- [Exercise goal]
Would you please copy all of the data exactly, skipping the images?
┌─ Material for this exercise
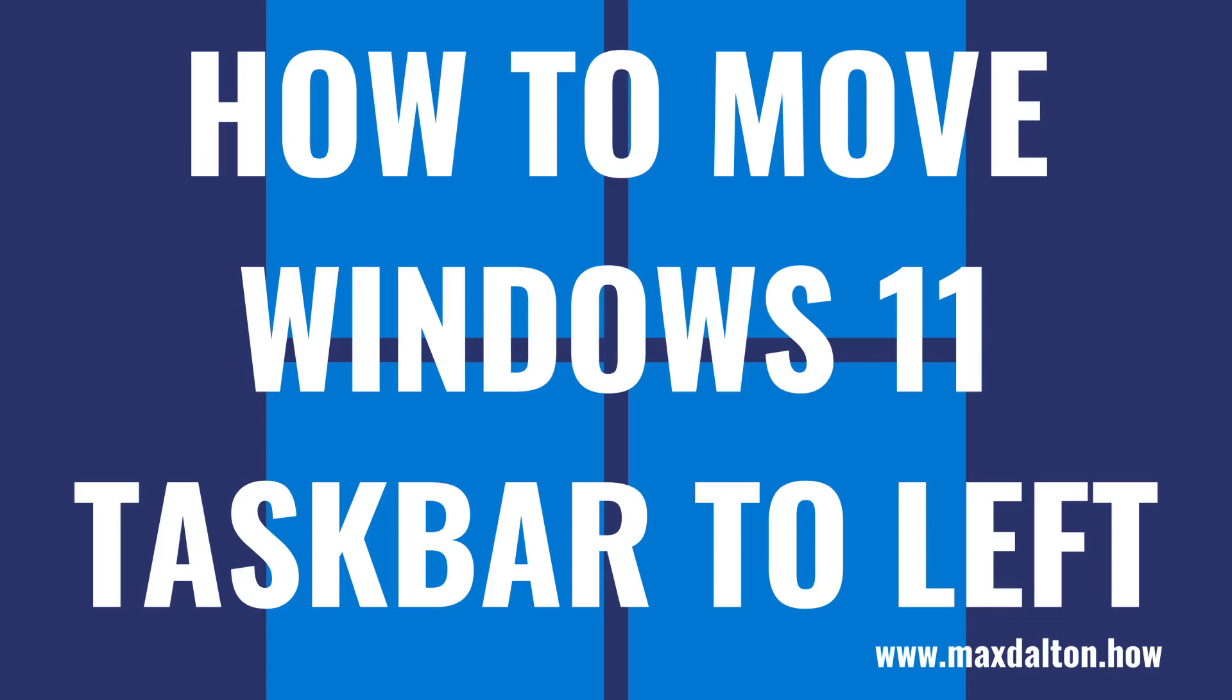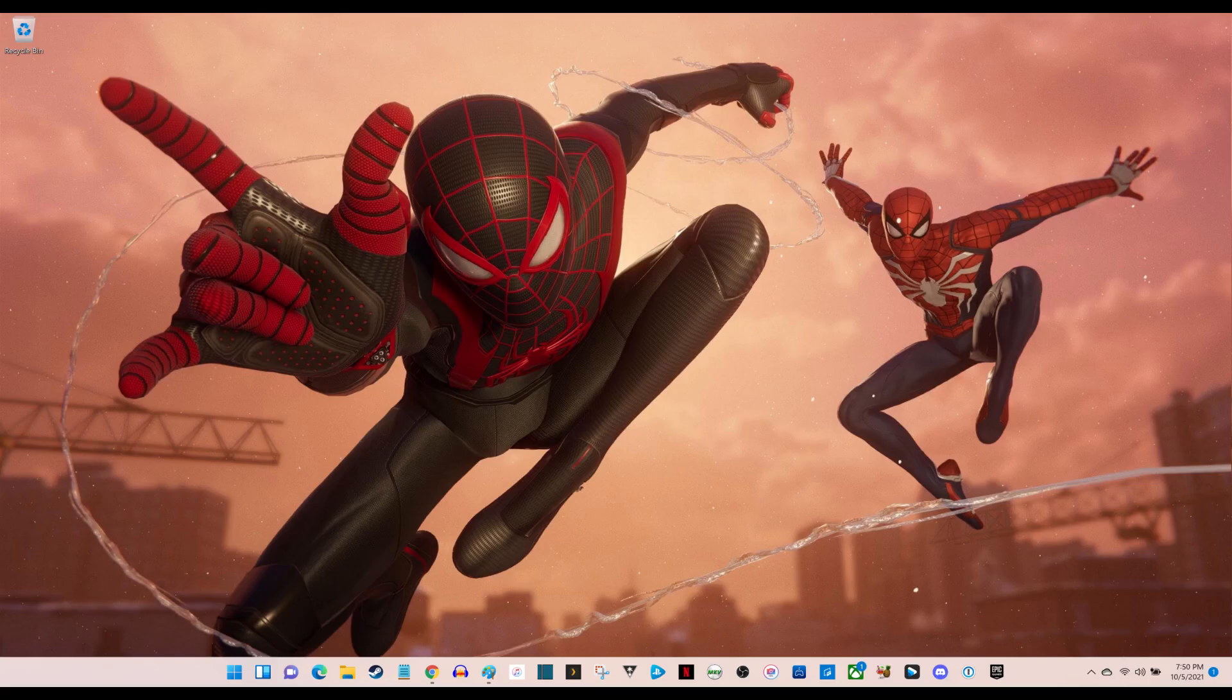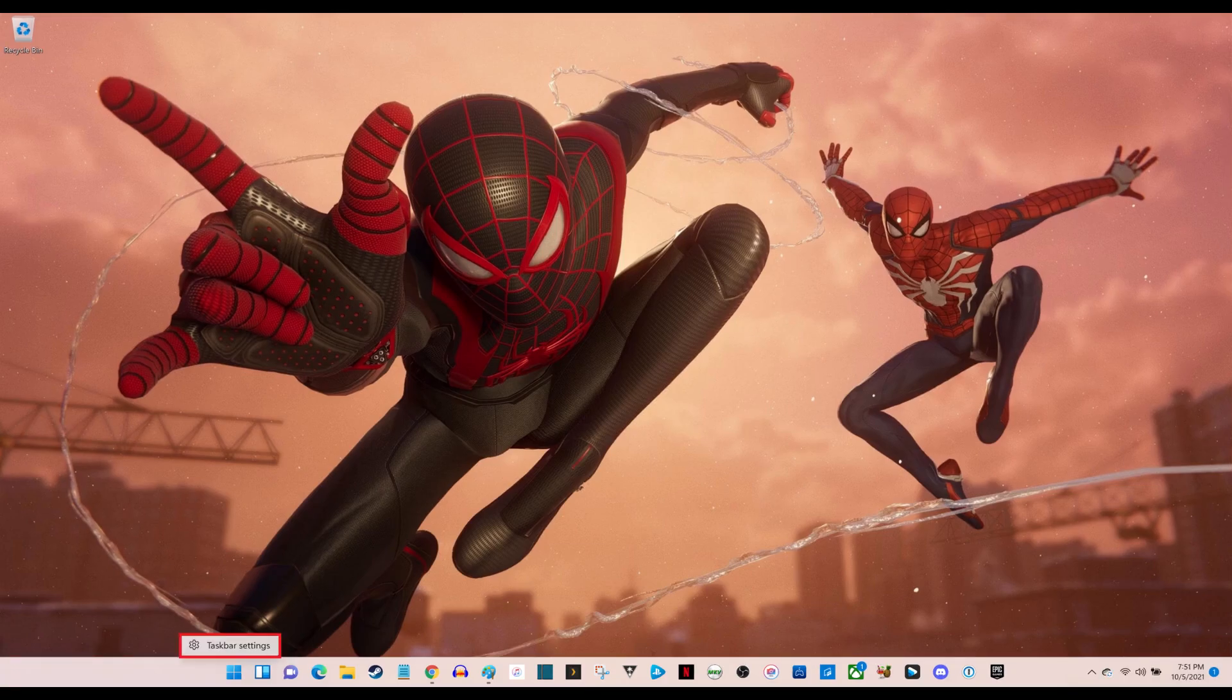Now let's walk through the steps to change the Windows 11 taskbar back to being left-aligned. Step 1: Navigate to your Windows 11 home screen and right-click an empty spot on the taskbar to open a menu.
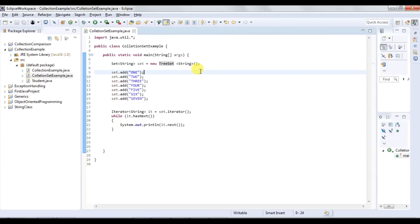Now we can see all the values are in default sorted order — in this case, alphabetical order. This is the difference between HashSet, LinkedHashSet, and TreeSet: HashSet does not maintain insertion order and is not sorted; LinkedHashSet maintains insertion order but is not sorted; TreeSet does not maintain insertion order but stores values in sorted order.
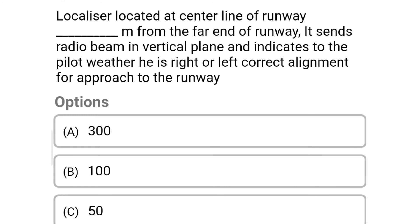Next question: localizer is located at the centerline of runway dash meter from the far end of the runway. It sends a radio beam in a vertical plane and indicates to the pilot whether he is to the right or left of the correct alignment — option A 300, option B 100, option C 50, option D 25. The correct answer is option A 300.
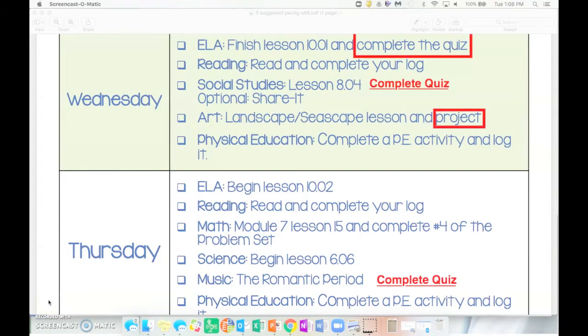Good morning Bulldogs and happy Wednesday and Thursday. This video is going to cover all of the assignments that are due on Wednesday and Thursday of week six.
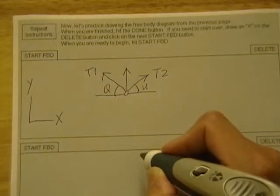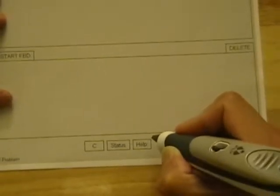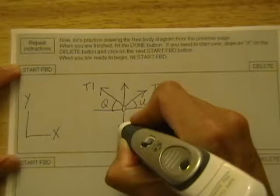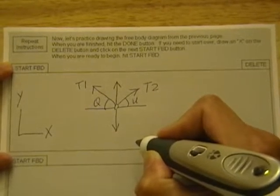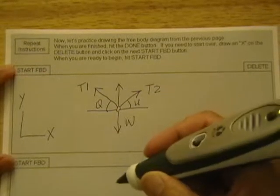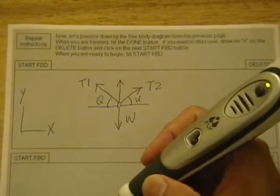Try again. Draw a force W — draw a downward arrow. W. Very good, you have identified all the forces.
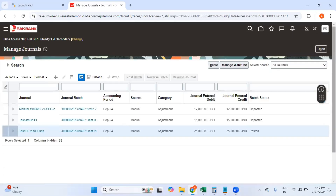Looking at the second ledger in the September period — this journal entry has not been pushed into the second ledger, and there is a reason for that. During the secondary ledger setup, there is an option where you can specify a specific journal source and journal category to be stopped from being pushed from primary to secondary. I specifically set journal source 'Manual' and category 'Allocations' to not transfer to the second ledger. That's why journals with source Manual and category Adjustment were pushed, but journals with source Manual and category Allocations were not.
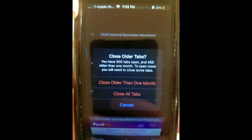So this one's a girlfriend never closing their tabs. Let's see how many — 500 tabs open, 450 older than one month. To open some more, you will need to close some tabs. I think the only thing stopping this from being more is that Apple caps it at 500 tabs. That's a lot. How do you people have that many tabs? I have four tabs open on my computer and I'm ashamed of having that many. You people are sick.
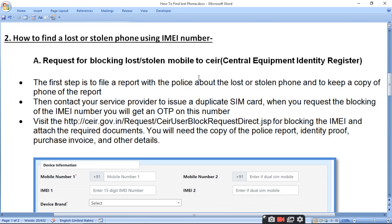Then contact your service provider to issue a duplicate SIM card. When you request the blocking of the IMEI number, you will get an OTP sent to that number.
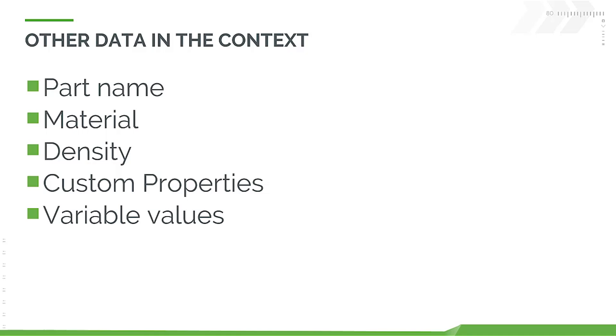In addition to geometry, you can read and write to many properties within the parts in the Part Studio. You can modify the part name, material and density, custom properties, and variable values from a Feature Studio.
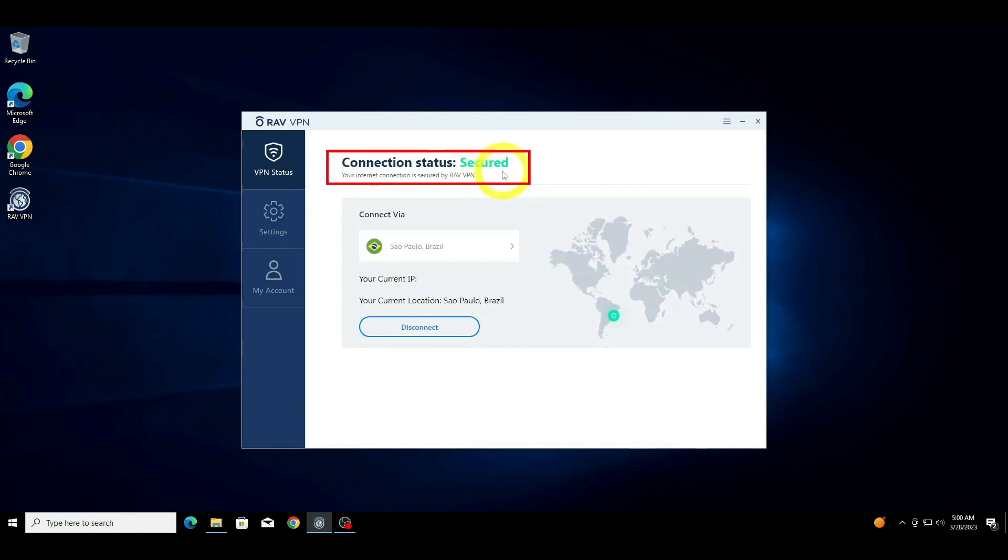To verify your connection at any time, you can check the RAVVPN connection status. If it's Secured and Green, it indicates that you are connected to the VPN.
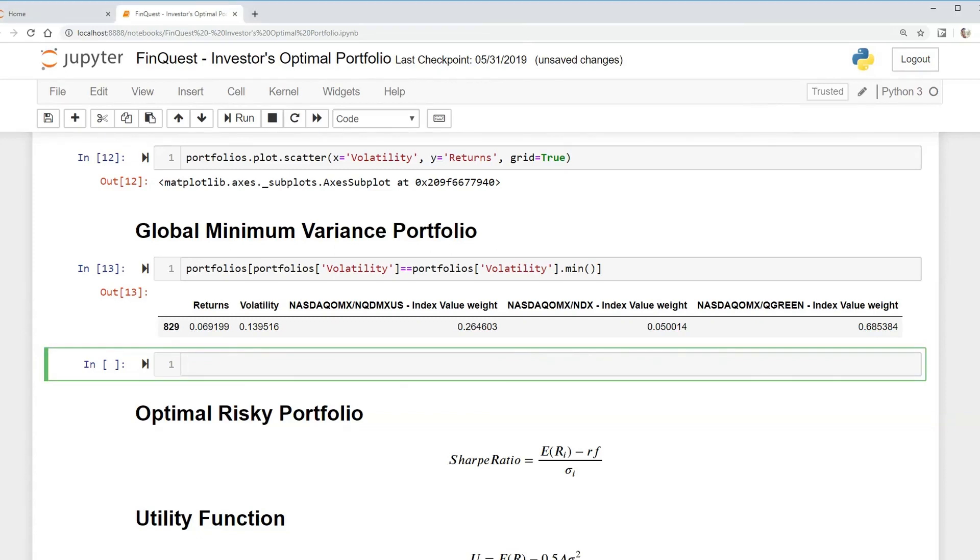Everyone, so in this video I just wanted to plot our global minimum variance portfolio and actually show another way of how we can find the global minimum variance portfolio.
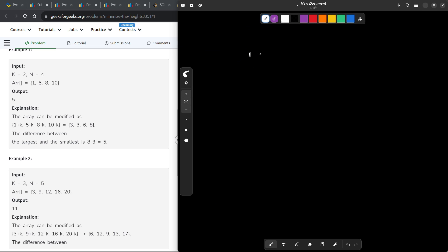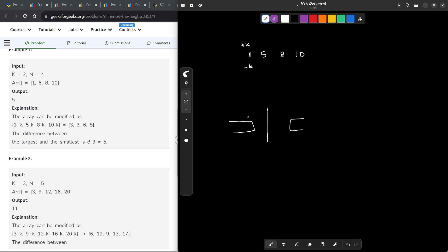Let us say we have [1, 5, 8, 10]. We can either do +k or -k to each of those elements, and it is compulsory to do the operation exactly once on each element. I am dividing these elements into two groups — the smaller elements and the larger elements — by sorting the array and picking a dividing point.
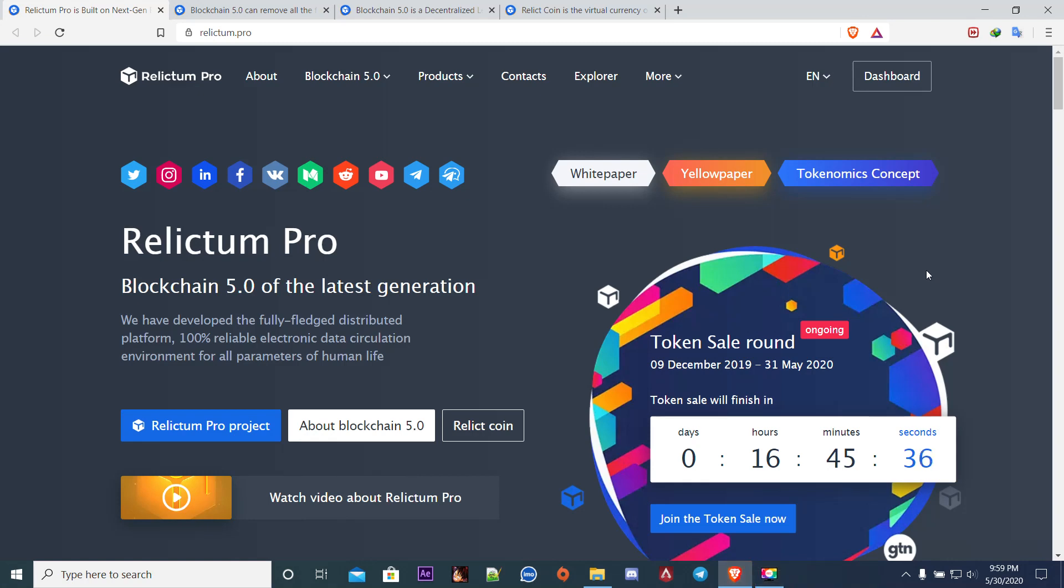Hey what's up people, today I'm going to be explaining about Relictum Pro. It is the latest generation of blockchain, blockchain 5.0. Relictum Pro is a fully fledged distributed platform, 100% reliable electronic data circulation environment for all activities of human life. I'm going to be explaining in depth about Relictum Pro.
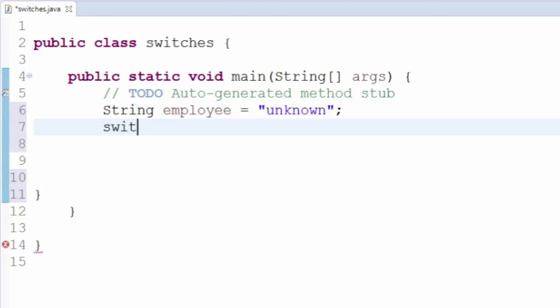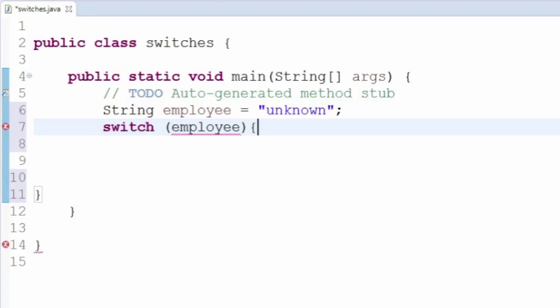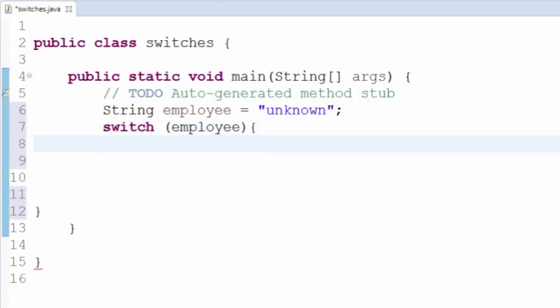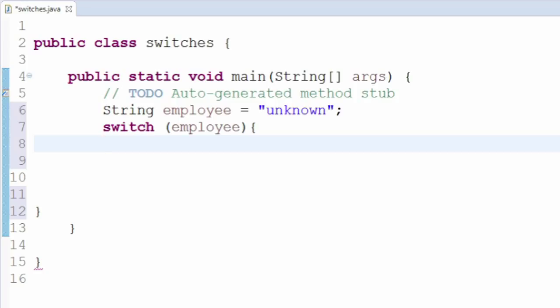You should start by typing the word switch, followed by the name of the variable you want to compare in the parentheses. After that, put open and close braces, similar to how you would define a method. Inside these braces, you'll put a bunch of case-break pairs. For the door code example, one of these pairs might look a bit like this.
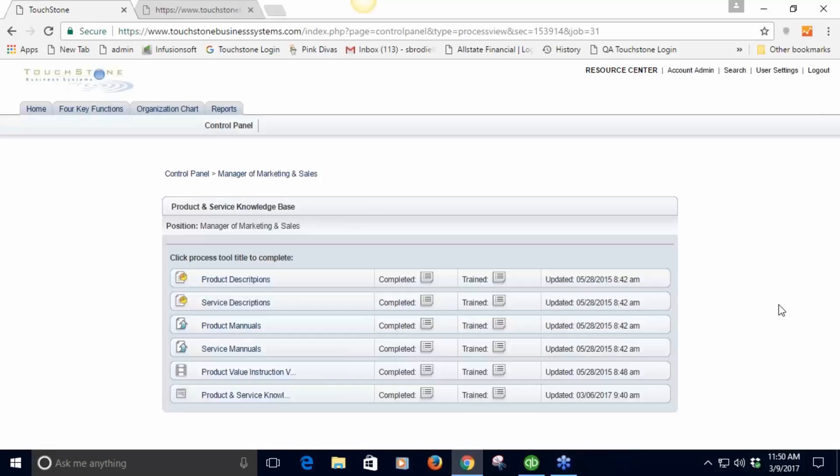Let's look at another example of a custom form. This is a process called product and service knowledge base. This process is about a whole set of information describing the products and services of a company.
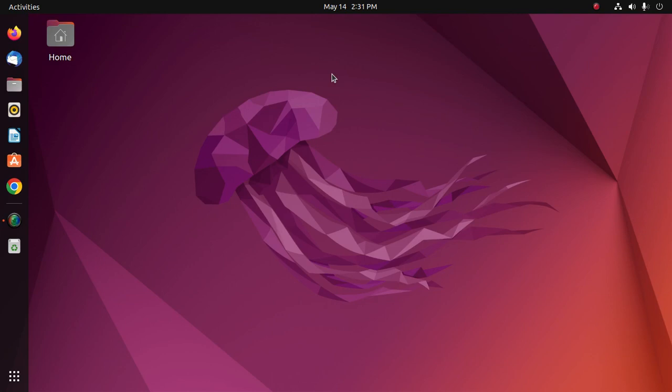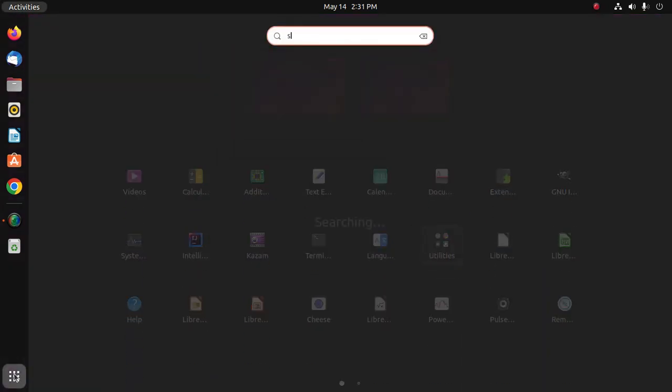In this video I will show how to hide desktop icons and how to change the desktop icon size and position on Ubuntu 22.04 LTS. Let's get started. Open Settings.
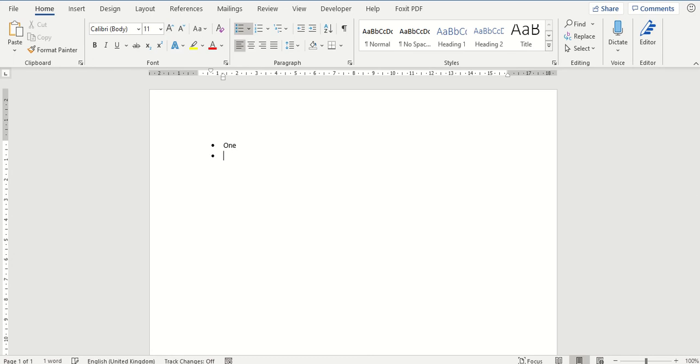I am going to type something in and hit enter and you will see that the bullet point now has continued down to the next level. Same again if you hit enter you can see it is now down to the third option.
└─
- [Answer below]
Now let's walk through the steps to change the Windows 11 taskbar back to being left-aligned. Step 1: Navigate to your Windows 11 home screen and right-click an empty spot on the taskbar to open a menu.
Now we can see all the values are in default sorted order — in this case, alphabetical order. This is the difference between HashSet, LinkedHashSet, and TreeSet: HashSet does not maintain insertion order and is not sorted; LinkedHashSet maintains insertion order but is not sorted; TreeSet does not maintain insertion order but stores values in sorted order.
Next question: localizer is located at the centerline of runway dash meter from the far end of the runway. It sends a radio beam in a vertical plane and indicates to the pilot whether he is to the right or left of the correct alignment — option A 300, option B 100, option C 50, option D 25. The correct answer is option A 300.
Good morning Bulldogs and happy Wednesday and Thursday. This video is going to cover all of the assignments that are due on Wednesday and Thursday of week six.
Try again. Draw a force W — draw a downward arrow. W. Very good, you have identified all the forces.
Looking at the second ledger in the September period — this journal entry has not been pushed into the second ledger, and there is a reason for that. During the secondary ledger setup, there is an option where you can specify a specific journal source and journal category to be stopped from being pushed from primary to secondary. I specifically set journal source 'Manual' and category 'Allocations' to not transfer to the second ledger. That's why journals with source Manual and category Adjustment were pushed, but journals with source Manual and category Allocations were not.
So this one's a girlfriend never closing their tabs. Let's see how many — 500 tabs open, 450 older than one month. To open some more, you will need to close some tabs. I think the only thing stopping this from being more is that Apple caps it at 500 tabs. That's a lot. How do you people have that many tabs? I have four tabs open on my computer and I'm ashamed of having that many. You people are sick.
Then contact your service provider to issue a duplicate SIM card. When you request the blocking of the IMEI number, you will get an OTP sent to that number.
In addition to geometry, you can read and write to many properties within the parts in the Part Studio. You can modify the part name, material and density, custom properties, and variable values from a Feature Studio.
To verify your connection at any time, you can check the RAVVPN connection status. If it's Secured and Green, it indicates that you are connected to the VPN.
Everyone, so in this video I just wanted to plot our global minimum variance portfolio and actually show another way of how we can find the global minimum variance portfolio.
Let us say we have [1, 5, 8, 10]. We can either do +k or -k to each of those elements, and it is compulsory to do the operation exactly once on each element. I am dividing these elements into two groups — the smaller elements and the larger elements — by sorting the array and picking a dividing point.
Hey what's up people, today I'm going to be explaining about Relictum Pro. It is the latest generation of blockchain, blockchain 5.0. Relictum Pro is a fully fledged distributed platform, 100% reliable electronic data circulation environment for all activities of human life. I'm going to be explaining in depth about Relictum Pro.
You should start by typing the word switch, followed by the name of the variable you want to compare in the parentheses. After that, put open and close braces, similar to how you would define a method. Inside these braces, you'll put a bunch of case-break pairs. For the door code example, one of these pairs might look a bit like this.
Let's look at another example of a custom form. This is a process called product and service knowledge base. This process is about a whole set of information describing the products and services of a company.
In this video I will show how to hide desktop icons and how to change the desktop icon size and position on Ubuntu 22.04 LTS. Let's get started. Open Settings.
I am going to type something in and hit enter and you will see that the bullet point now has continued down to the next level. Same again if you hit enter you can see it is now down to the third option.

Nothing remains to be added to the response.